Her efforts were finally recognized
after she received on Friday the Queen Elizabeth II Diamond
Jubilee Medal at the Islamic Centre of Canada on South Sheridan
The medal was presented to the
Mississauga resident of nearly 40 years by Senator Salma
Ataullahjan, the first Canadian senator of Pushtun descent.
Receiving an award to recognize her
efforts, Syed, 70, said her husband, Amjad Syed, was even happier
for her than she was herself.
Created in 2011, the commemorative medal was made to mark the 60th
anniversary of the accession to the thrones of Queen Elizabeth II.
The medal also serves to honor
significant contributions and achievements by Canadians. Awarding
Syed her distinguished medal, Mississauga Senator praised her
efforts to serve the wider community, regardless of their faith.
"Malik has spent 45 years doing
volunteer work in Canada," said Ataullahjan. “It is so appropriate
she should receive the medal here in the Islamic Centre.”
Muslims make up around 1.9 percent
of Canada's 32.8 million population, and Islam is the number one
non-Christian faith in the North American country.

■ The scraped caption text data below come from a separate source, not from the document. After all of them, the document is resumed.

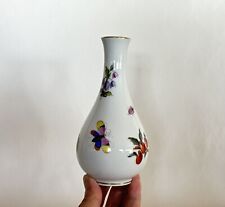 Vintage Herend Hvngary Floral Butterfly Bugs Footed Vase w/ Gold Trim 6.25
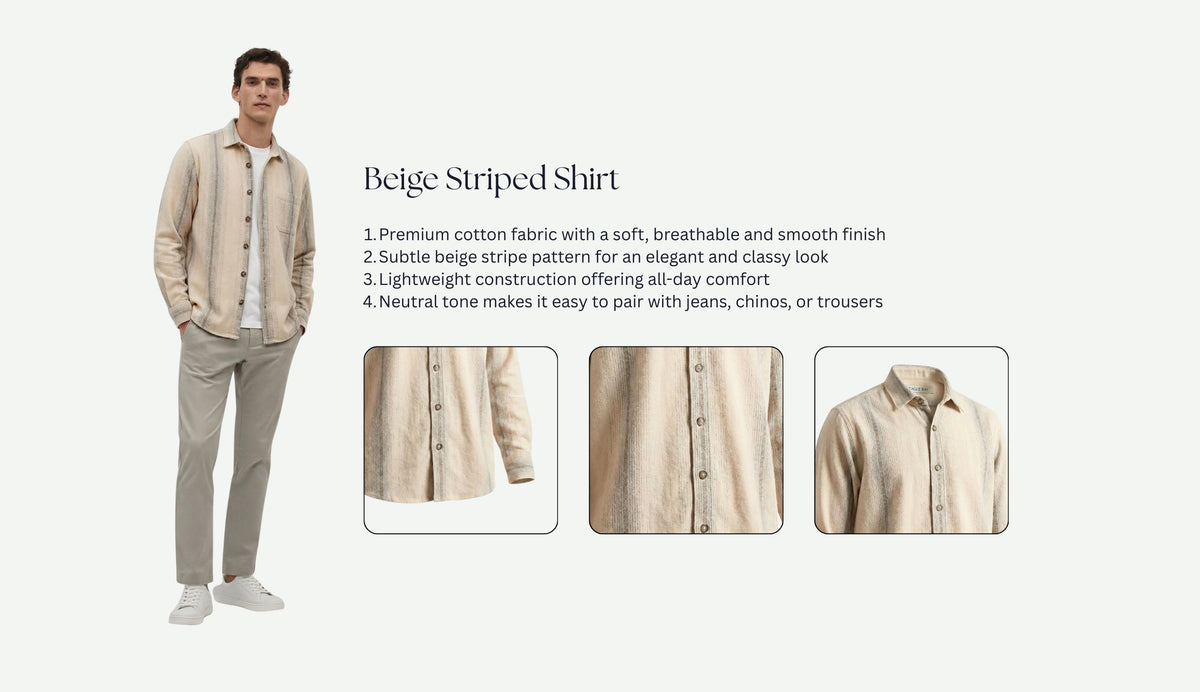 Beige Striped Shirt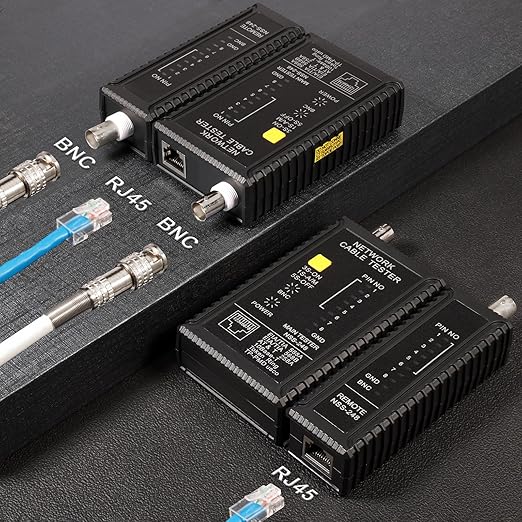 Dual-Function Coaxial & RJ45 Network Cable Tester with 2-Pack BNC Male to F Female Adapters, CAT5/CAT6/Coax Continuity Checker (Battery Not Included)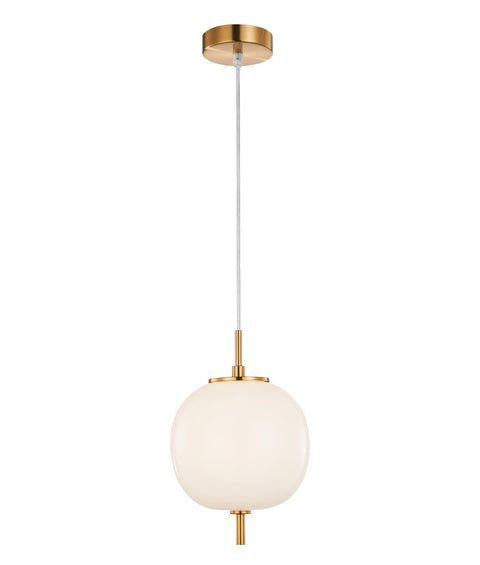 Pino Pendant Round Opal Glass with Brass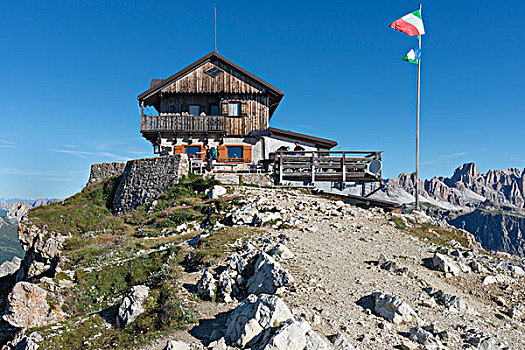 山,木房子,建造,白云岩,阿尔卑斯山,威尼托,意大利,欧洲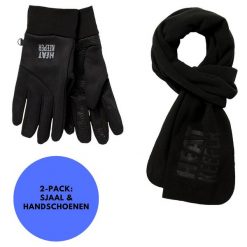 Zestaw termo unisex Szalik/Rękawiczki. Czarne szaliki damskie HEAT KEEPER, na zimę, bez wzorów, z poliamidu. Za 164.54 zł.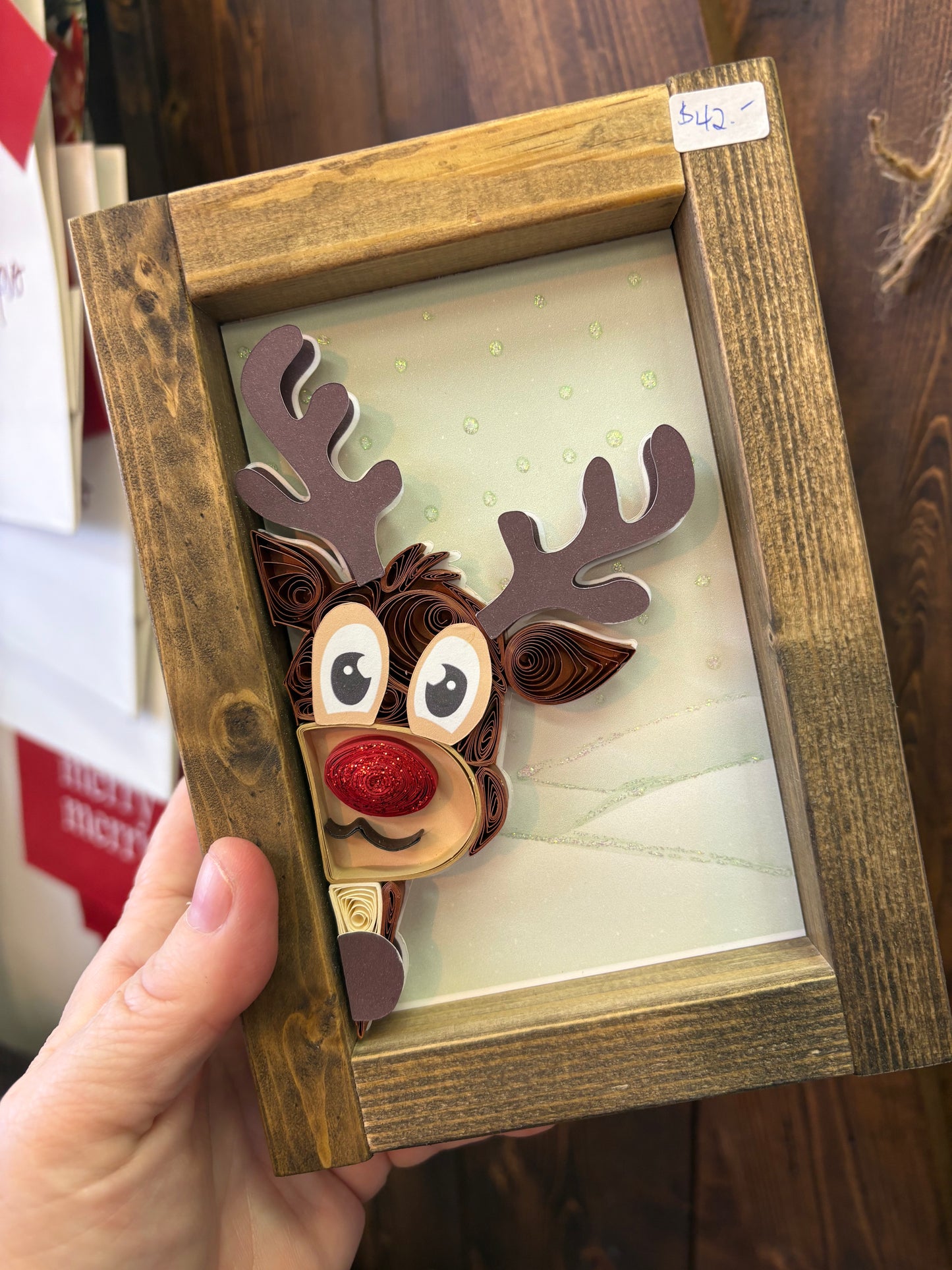 A Paper Life - reindeer peaking out Framed Art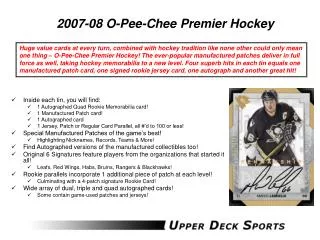2007-08 O-Pee-Chee Premier Hockey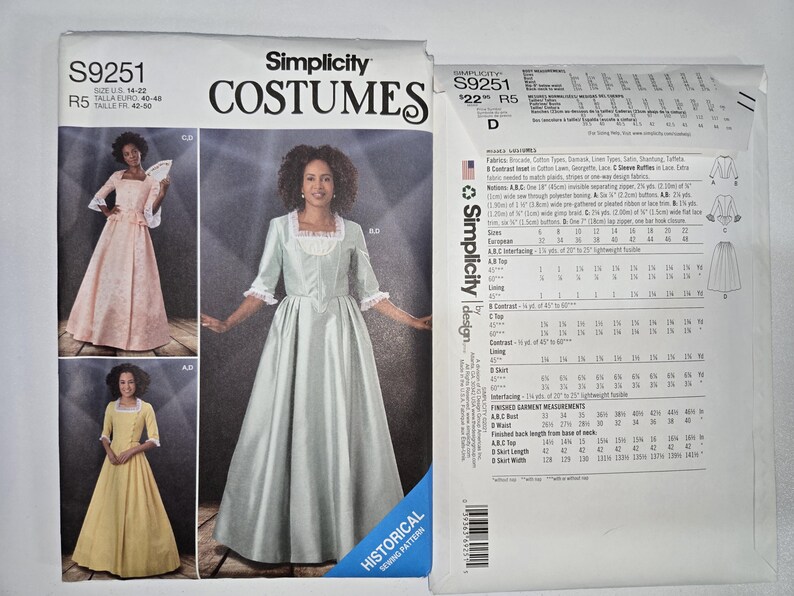 Simplicity S9251 Misses' 18th Century Historical Costume Pattern ...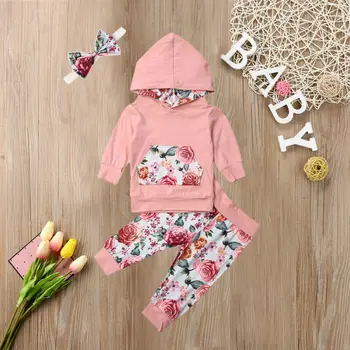 

Baby Girl Infant Clothes Floral Hooded Tops Pants Kids Outfits Sets Tracksuit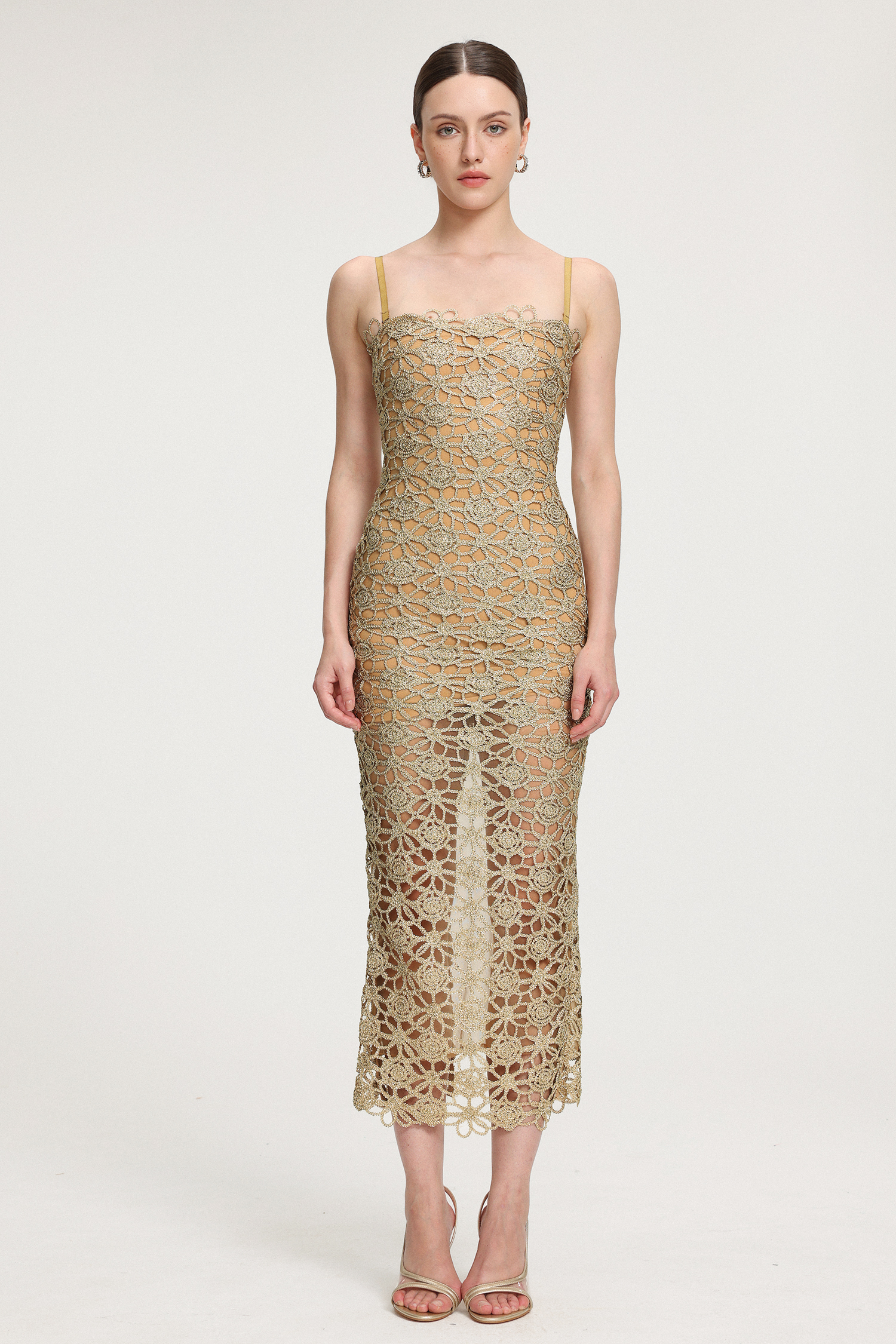 Floral crochet cutout mini dress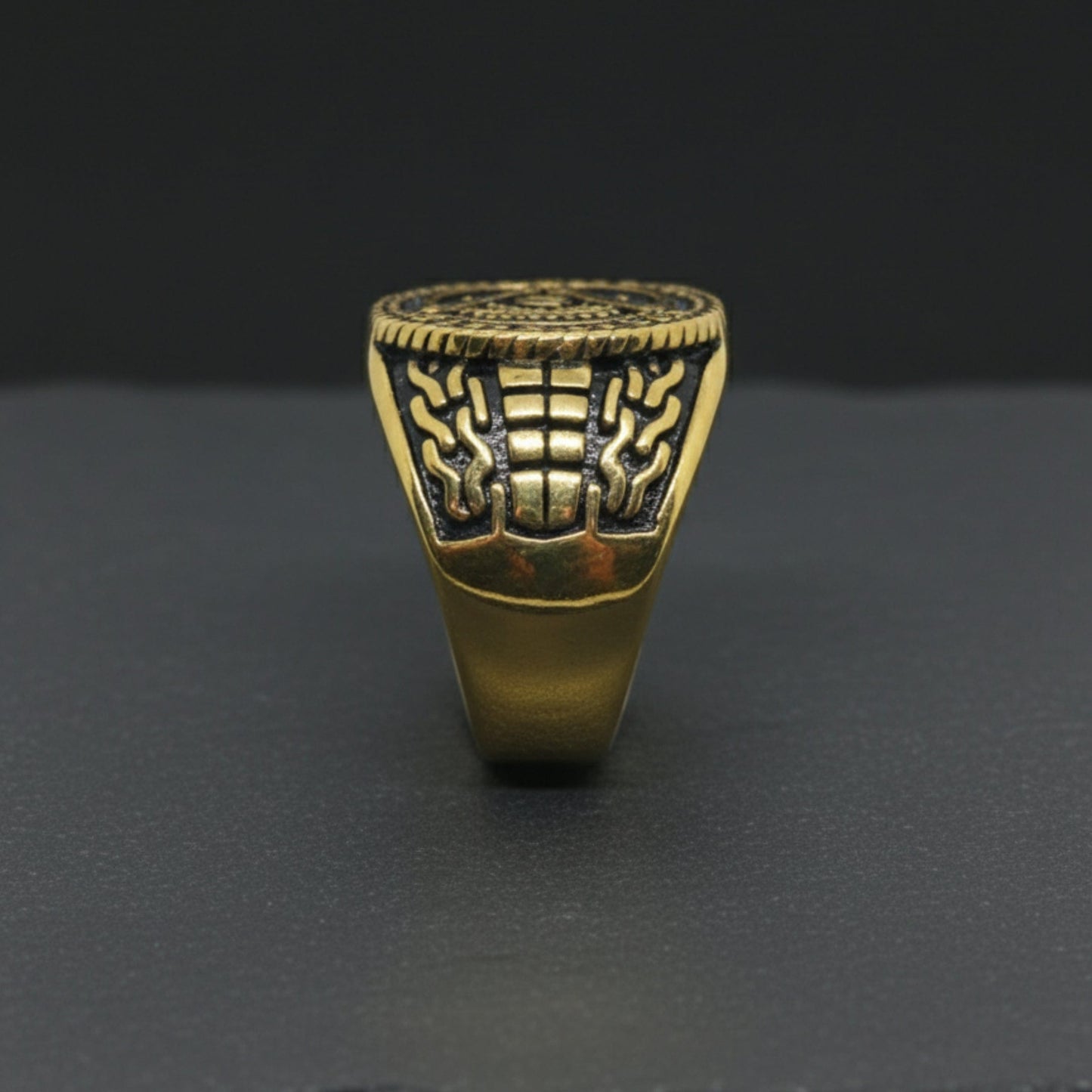 THE MEN THING Rings Royal Series - FREEMASON LEGACY RING - Pure Stainless Steel Men’s Gold-Plated Ring – Statement Luxury Jewelry (Size :17-19-22-24-25-29)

A recent survey has showed the
overwhelming majority of Muslims are proud to be Canadian. Yet, a
March 2012 survey by the Association for Canadian Studies and the
Canadian Race Relations Foundation found that more than half of
Canadians distrust Muslims, the lowest level of trustworthiness of
religious groups in the country.
Another recent survey by the
Canadian Studies (ACS) found that the Muslim minority in Canada is
still facing negative perceptions a decade after the 9/11.